Not a big problem, but thought I´d mention it. Thanks.


----------



## Lancel0t

If this possible then it would be of great convenience for all of us.


----------



## mkellogg

You mean to automatically reload with the changes in the last minute?  My poor server is already becoming overloaded as it is.  I think you are going to have to keep hitting F5.

Mike


----------



## timpeac

mkellogg said:
			
		

> You mean to automatically reload with the changes in the last minute? My poor server is already becoming overloaded as it is. I think you are going to have to keep hitting F5.
> 
> Mike


 
Well not automatically reload if you are still looking at the same page (although that would be good!!) I meant as you flick back with the back arrow, that if something had changed on that last page then it would have the new info.

I am completely computer illiterate and so I have no idea if what I am asking would take rediculous extra resources etc, if so sorry.

I think your server is doing a great job, by the way!


----------



## Benjy

timpeac said:
			
		

> Well not automatically reload if you are still looking at the same page (although that would be good!!) I meant as you flick back with the back arrow, that if something had changed on that last page then it would have the new info.
> 
> I am completely computer illiterate and so I have no idea if what I am asking would take rediculous extra resources etc, if so sorry.
> 
> I think your server is doing a great job, by the way!



the problem lies with ie.. not the web pages. when you click back it reads from the cache. refresh makes it actually update from the webpage.


----------



## timpeac

Benjy said:
			
		

> the problem lies with ie.. not the web pages. when you click back it reads from the cache. refresh makes it actually update from the webpage.


 
But I know of sites, Benjy, where clicking on the back arrow does also refresh the page...as I say I'm not very computer literate though.


----------



## Benjy

timpeac said:
			
		

> But I know of sites, Benjy, where clicking on the back arrow does also refresh the page...as I say I'm not very computer literate though.


hmmm. could you gimme a link? maybe its ME whos lacking in understanding here


----------



## el alabamiano

timpeac said:
			
		

> But I know of sites, Benjy, where clicking on the back arrow does also refresh the page...as I say I'm not very computer literate though.


That's because a JavaScript code is placed in the "Head" of the HTML code, forcing an autorefresh.
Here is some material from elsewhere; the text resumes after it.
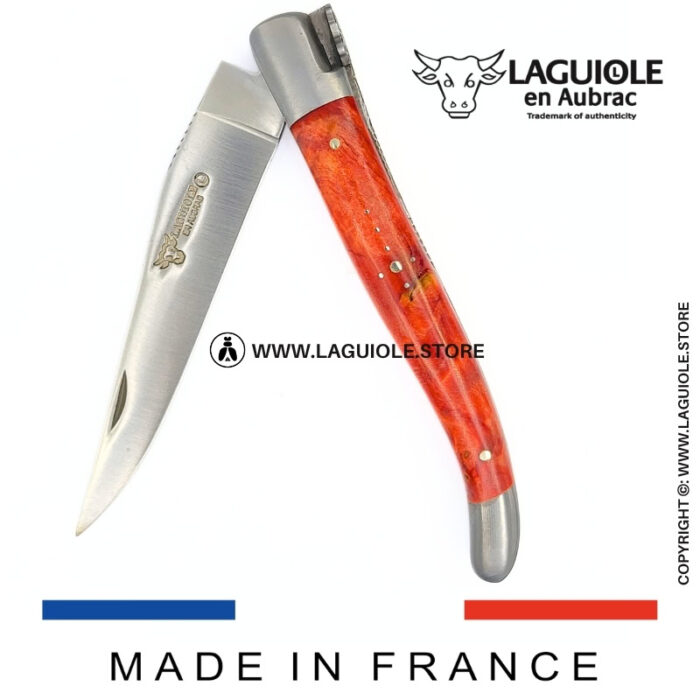 laguiole knife “butterfly” – red birch wood handle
However, that's for individual pages, and I'm not sure it'd work within a forum setup.

At any rate, clicking Refresh isn't _that_ timeconsuming, is it?


----------



## cuchuflete

el alabamiano said:
			
		

> That's because a JavaScript code is placed in the "Head" of the HTML code, forcing an autorefresh. However, that's for individual pages, and I'm not sure it'd work within a forum setup.
> 
> At any rate, clicking Refresh isn't _that_ timeconsuming, is it?
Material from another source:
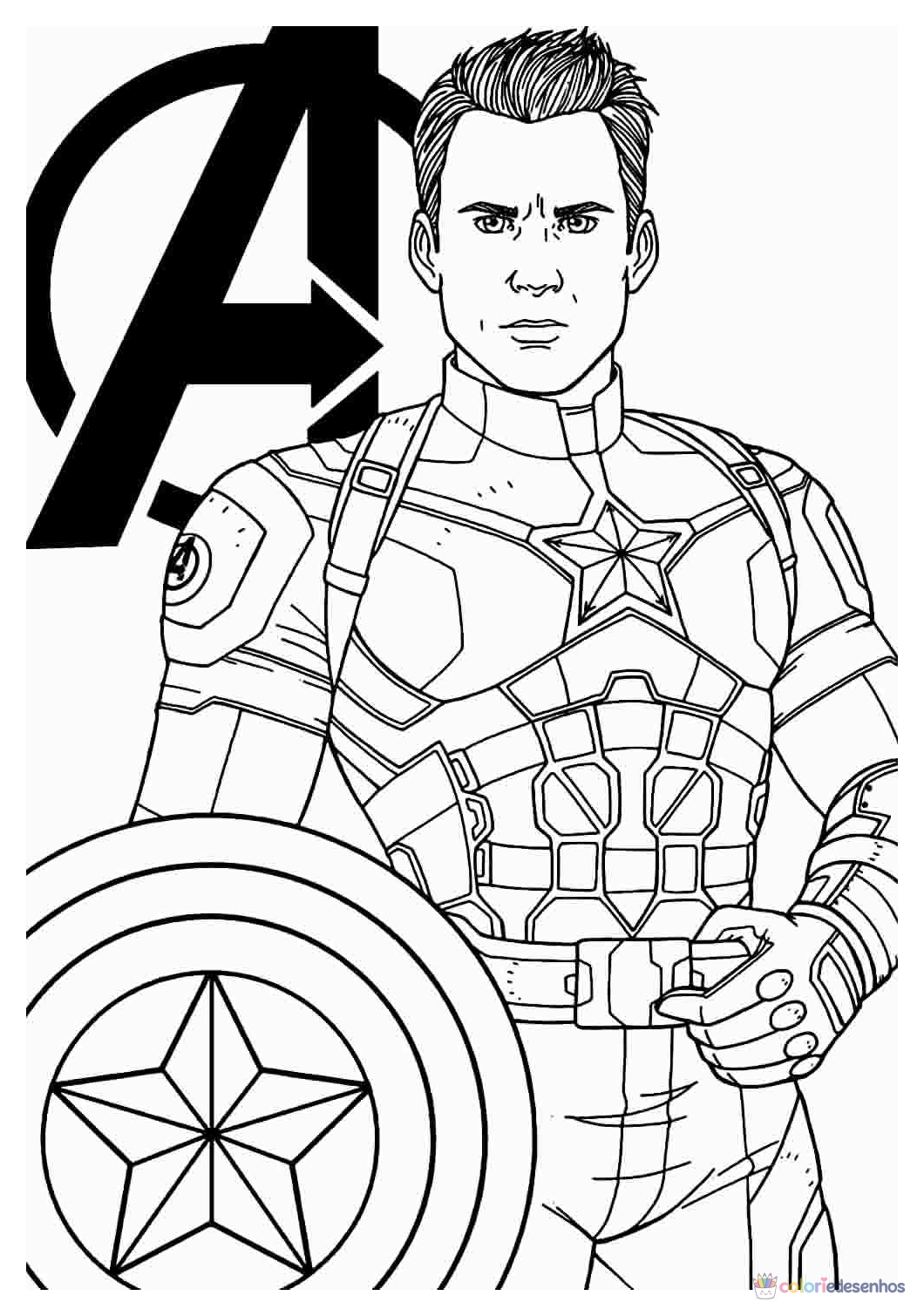 Capitão América para imprimir e colorir para colorir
Good points El Alabamiano!

Also, as Mike mentioned in passing, and most people may not have focused on, hitting * F5* is quick and easy.  It will give you a refresh of the current screen on most computers, from Macs to Pcs to AS/400s to mainframes.  I use it all the time with both IE and Safari.
That puts a lot less load on Mike's server than refreshing every page whenever anyone hits  back or forward.

Cuchu


----------



## timpeac

Benjy said:
			
		

> hmmm. could you gimme a link? maybe its ME whos lacking in understanding here


 
Sorry, can't as it's a university password protected site - I think people with more knowledge than me on this have replied now anyhow. Thanks


----------



## timpeac

el alabamiano said:
			
		

> That's because a JavaScript code is placed in the "Head" of the HTML code, forcing an autorefresh. However, that's for individual pages, and I'm not sure it'd work within a forum setup.
> 
> At any rate, clicking Refresh isn't _that_ timeconsuming, is it?


True. I did say it wasn't a big problem...


----------



## timpeac

cuchuflete said:
			
		

> Good points El Alabamiano!
> 
> Also, as Mike mentioned in passing, and most people may not have focused on, hitting *F5* is quick and easy. It will give you a refresh of the current screen on most computers, from Macs to Pcs to AS/400s to mainframes. I use it all the time with both IE and Safari.
> That puts a lot less load on Mike's server than refreshing every page whenever anyone hits back or forward.
> 
> Cuchu


 
Yes that's well worth knowing, thanks


----------